Friday, November 30, 2007

Why we're so neurotic

It's not just our imagination - it IS more complicated to be a mother these days. Don't get me wrong, there are all sorts of ways in which life has improved since the 60s and 70s (computers, fat-free microwave popcorn, equal rights, etc.), but being a mom is so much more challenging, no wonder we're so crazed.
- When our mothers were in our shoes, there was ONE book widely available - Dr. Spock. It contained such revolutionary advice as "Feed babies when they're hungry, not on a set schedule". He told parents - trust your gut, your instincts are sound, you know your kids better than anyone, so relax! Now there are over 78,000 parenting books just on, 691,000 websites if you google 'parenting advice', not to mention t.v. shows, magazines, and more. No matter what your instinct is, there will be an expert out there telling you you're wrong, and we are so bombarded with conflicting information that it's impossible to sort through it all.

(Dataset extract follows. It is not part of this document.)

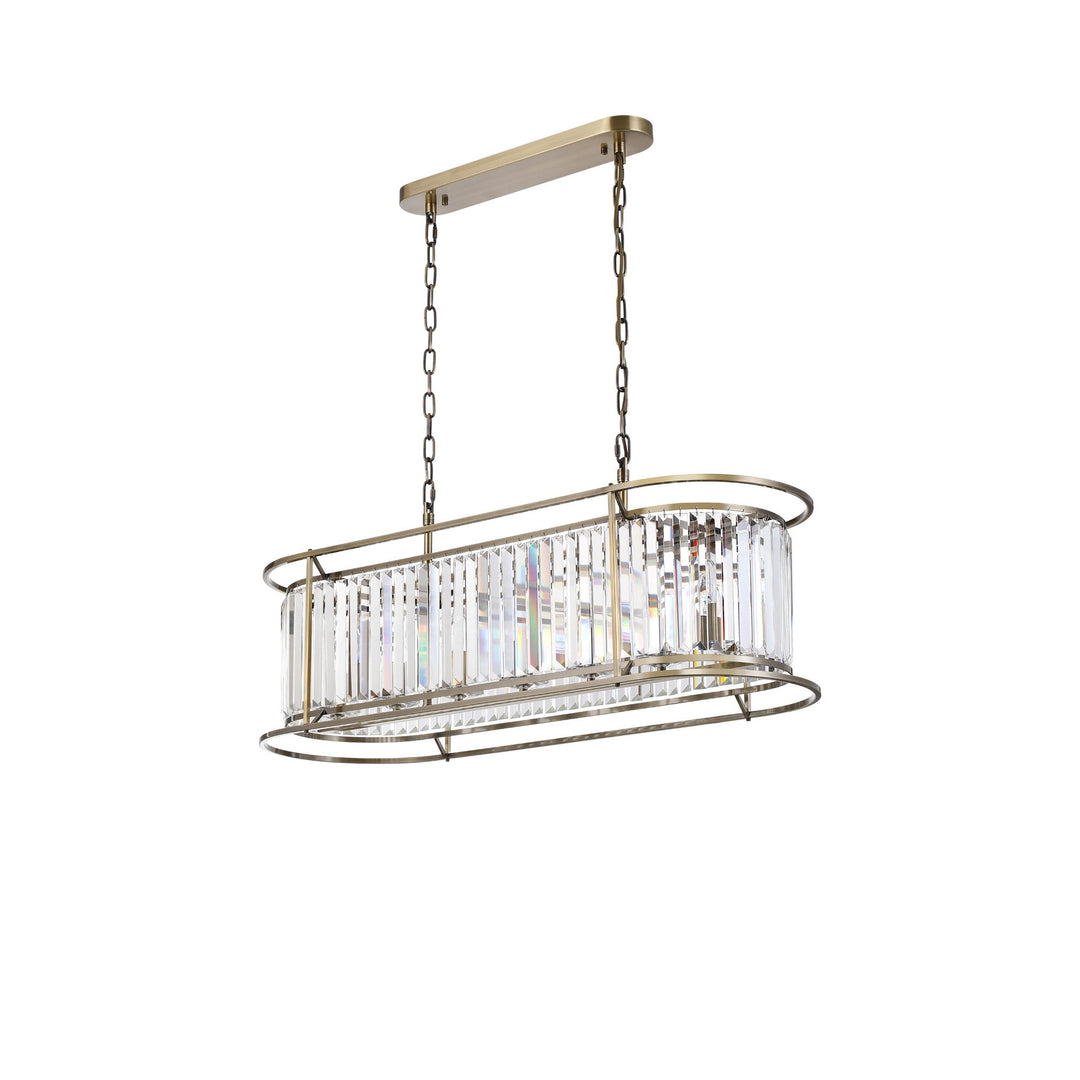 Nelson Lighting NL91329 Maccia 7 Light Pendant/Ceiling Light Antique Brass Clear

- More and more women are delaying child-bearing and work before (or during) child-rearing. So you have an unprecedented number of stay-home moms who used to work (and put all that energy, drive, and organizational ability into raising perfect kids) , plus the economic necessity for more women to work while they raise kids. Thus we have the stay-home-vs.-working-mom war (where each side seems to need to show how much better its choice is). Plus older moms have more invested in their kids; women who left the work force need to prove that their kids were worth it; and working moms feel the need to compensate for the games/shows/assemblies they miss. And no matter what your working status is, there are numerous studies and articles to prove you're doing irreperable damage to your kids. (This is a real-life variation on the Jewish mother joke, about the mom who gives her son 2 ties, and when he puts one on, she complains, "So you didn't like the other one?" My grandmother told my aunt that all her kids' problems were because she stayed home with them and smothered them; meanwhile she told my mother that all our problems were because she worked and neglected us!)

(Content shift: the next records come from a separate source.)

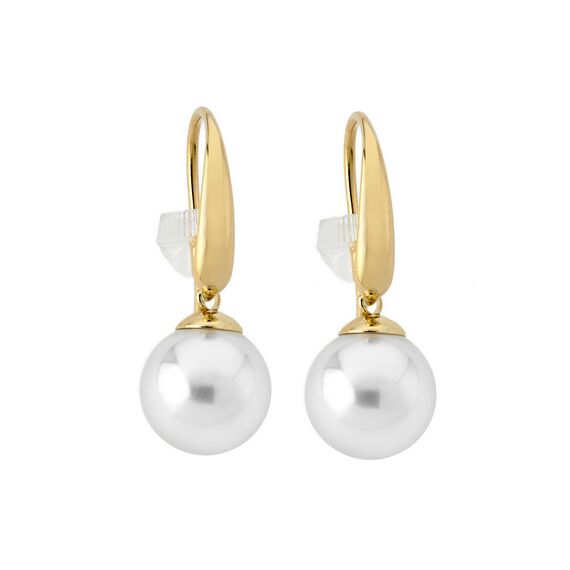 Золотые серьги женские с жемчугом Majorica Classic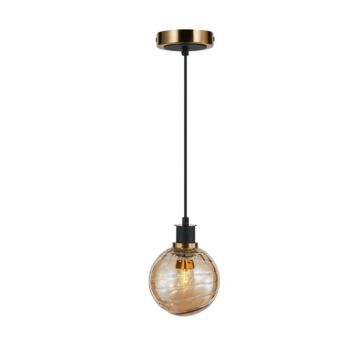 Gem  Pendant in Black and Brushed Brass by Artcraft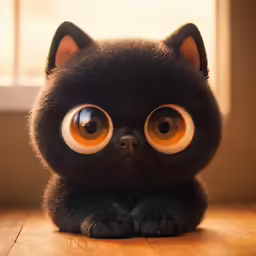 a cute looking black kitten with a weird eye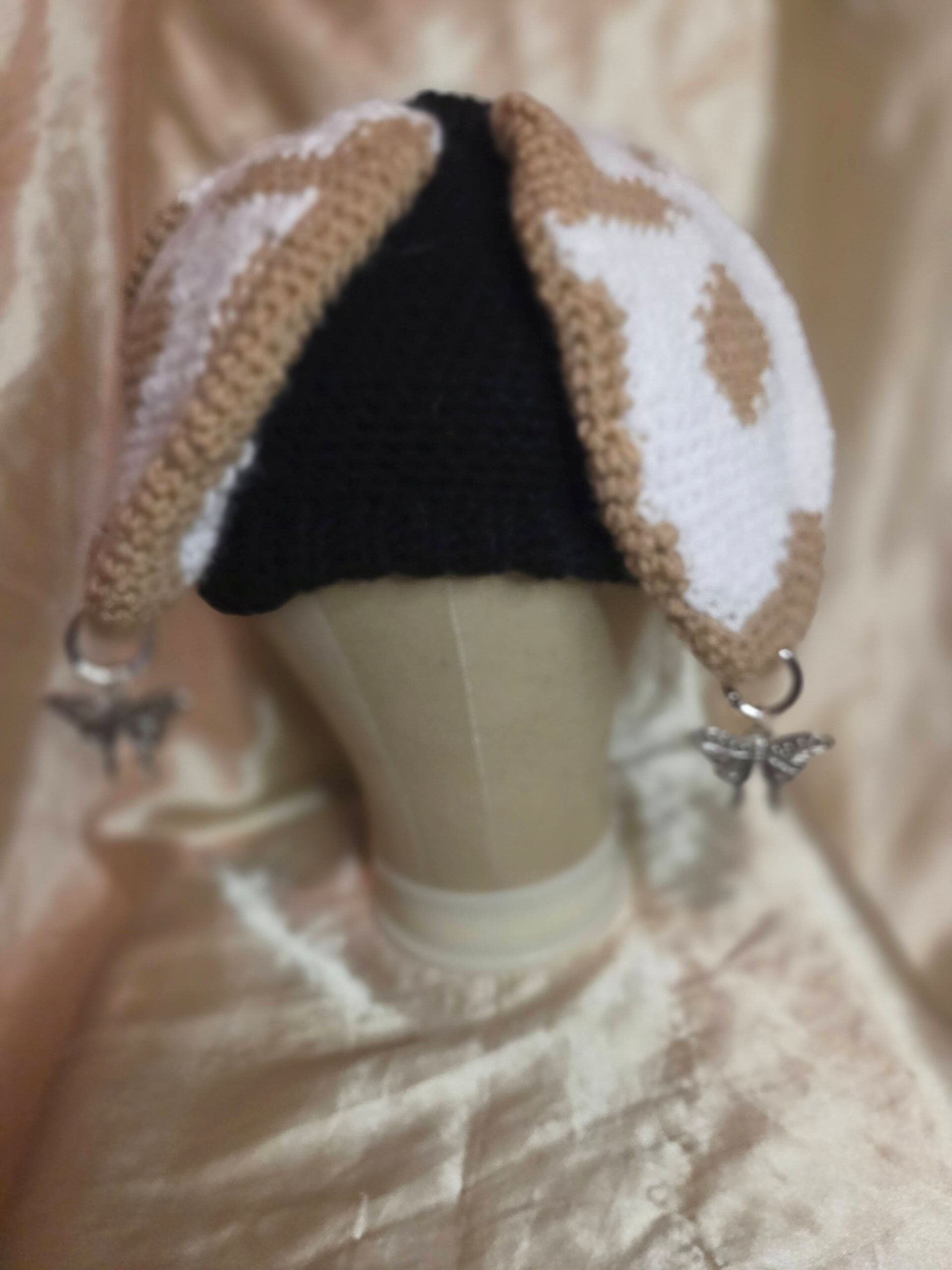 Punk Moth Black/White/Light Brown + Silver Tone Piercings Adult Hat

40 years ago, a working mother was a rarity, and just 'being a mom' was considered plenty to do. If a woman worked, it was usually either because she was particularly good at something or because the family needed the income, and either way, the neighbors understood and pitched in to help. There was no working vs. stay-home mom war, and also no pressure on women to be amazing executives (or whatever) while cooking gourmet meals, wearing a size 2, and attending every self-esteem-building assembly.

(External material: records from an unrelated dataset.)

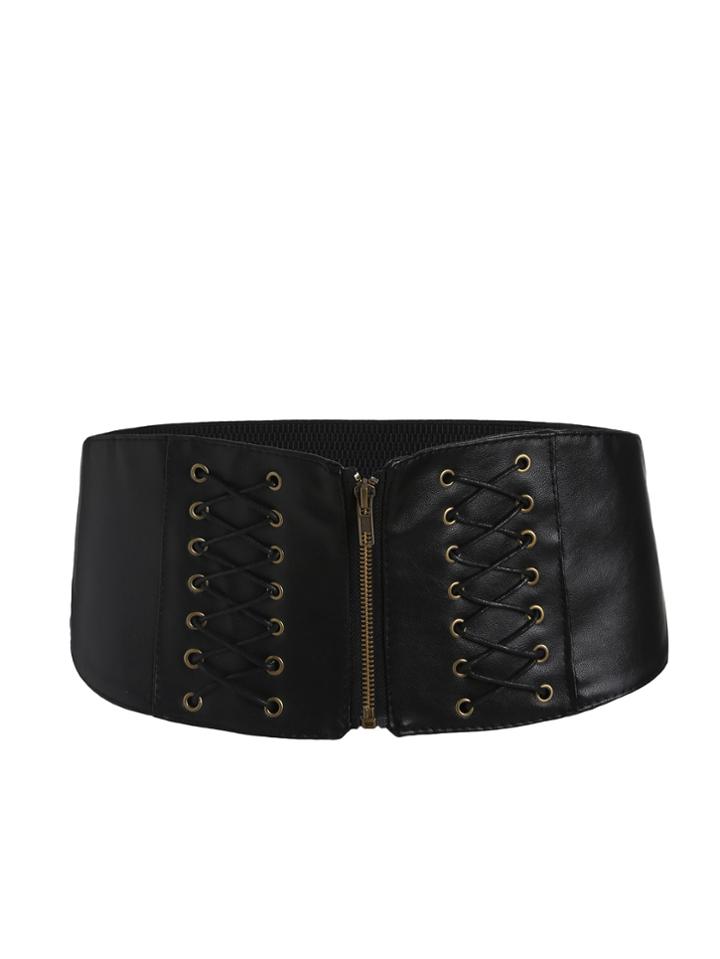 Romwe Black Criss Cross Zipper Up Waist Belt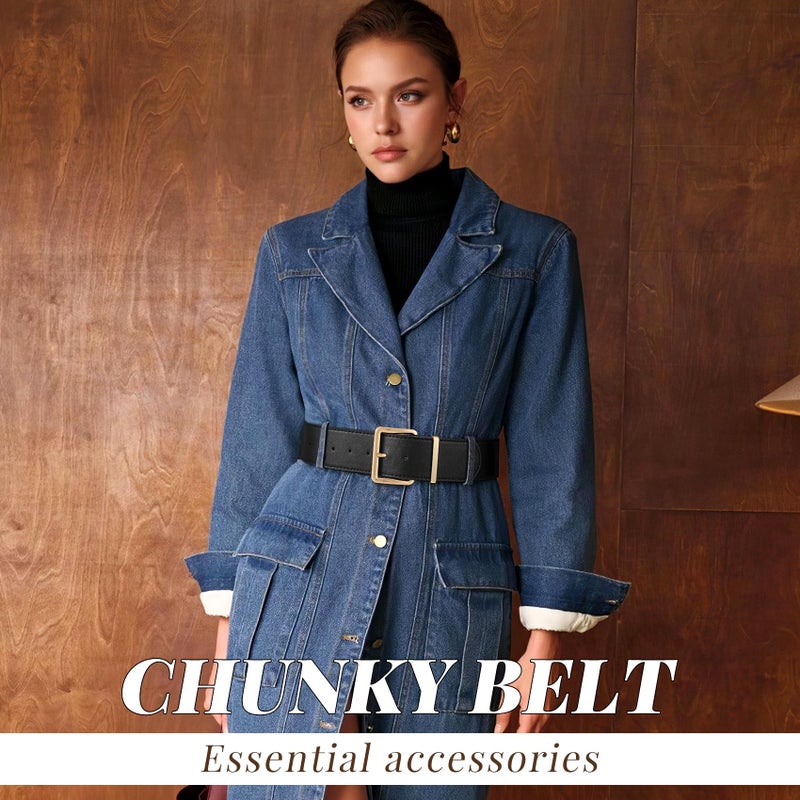 WERFORU Women Wide Belt for Dresses Thick Leather Belt with Big Gold Buckle Fahion Women Chunky Belt,Black - Image 3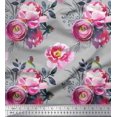 thumbnail image 1 of Soimoi Gray Cotton Poplin Fabric Peony And Ranunculus Floral Fabric Prints By Yard 42 Inch Wide, 1 of 3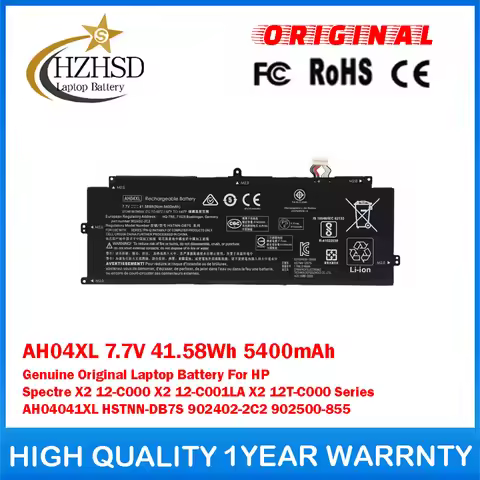 AH04XL 7.7V 41.58Wh 5400mAh Genuine Original Laptop Battery For HP Spectre X2 12-C000 X2 12-C001LA X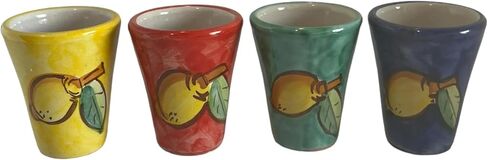 Hand Painted Italian Ceramic Shot Glasses Set of 4, 1 oz Limoncello Cups, Small Ceramic Lemon Motif Shot & Tasting Glasses, Artisan Mediterranean Pottery Drinkware in Saudi Arabia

- Then factor in all the pressures on us to be perfect in other ways. For example, 40 years ago, the average fashion model weighed about 5 % less than the average American woman. Now, that discrepancy has exploded, so the images we're seeing in the media are of women who weigh 35-40% less than we do - is it any wonder we're more screwed up (and frustrated) about body image, diet, and attractiveness?

Okay, I can't change all these societal issues single-handedly - hell, I can't usually manage to find my keys on a given day, much less make homemade cupcakes. But at least I can tell other moms - you're not alone!